### Task objective
Restate word for word the lines that run from the one containing "-面乙新派手擀面(大悦城店)" to the last line of the data, both ends included.

Crawled caption data
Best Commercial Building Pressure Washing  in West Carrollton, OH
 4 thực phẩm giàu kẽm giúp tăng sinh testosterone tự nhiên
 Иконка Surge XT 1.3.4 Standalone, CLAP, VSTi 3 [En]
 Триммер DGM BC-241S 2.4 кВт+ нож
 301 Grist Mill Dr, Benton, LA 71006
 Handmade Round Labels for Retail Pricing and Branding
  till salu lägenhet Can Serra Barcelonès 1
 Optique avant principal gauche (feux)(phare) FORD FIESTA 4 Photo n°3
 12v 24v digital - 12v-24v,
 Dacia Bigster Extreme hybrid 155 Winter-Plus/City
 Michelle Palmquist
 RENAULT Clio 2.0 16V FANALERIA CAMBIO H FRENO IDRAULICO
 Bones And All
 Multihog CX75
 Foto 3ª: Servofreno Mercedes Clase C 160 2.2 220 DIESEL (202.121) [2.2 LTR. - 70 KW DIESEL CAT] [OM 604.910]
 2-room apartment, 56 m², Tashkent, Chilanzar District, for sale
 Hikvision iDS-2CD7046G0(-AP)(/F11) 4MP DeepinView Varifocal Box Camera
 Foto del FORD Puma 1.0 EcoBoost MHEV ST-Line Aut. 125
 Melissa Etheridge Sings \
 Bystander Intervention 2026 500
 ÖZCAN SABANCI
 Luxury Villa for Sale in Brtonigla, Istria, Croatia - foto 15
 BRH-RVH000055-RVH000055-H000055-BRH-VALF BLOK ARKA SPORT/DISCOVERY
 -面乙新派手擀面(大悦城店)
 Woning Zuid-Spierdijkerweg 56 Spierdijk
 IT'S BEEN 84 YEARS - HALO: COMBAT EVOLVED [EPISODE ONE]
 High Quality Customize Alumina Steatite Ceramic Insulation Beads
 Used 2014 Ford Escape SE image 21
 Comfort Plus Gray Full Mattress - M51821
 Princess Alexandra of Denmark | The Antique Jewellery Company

### Output
 -面乙新派手擀面(大悦城店)
 Woning Zuid-Spierdijkerweg 56 Spierdijk
 IT'S BEEN 84 YEARS - HALO: COMBAT EVOLVED [EPISODE ONE]
 High Quality Customize Alumina Steatite Ceramic Insulation Beads
 Used 2014 Ford Escape SE image 21
 Comfort Plus Gray Full Mattress - M51821
 Princess Alexandra of Denmark | The Antique Jewellery Company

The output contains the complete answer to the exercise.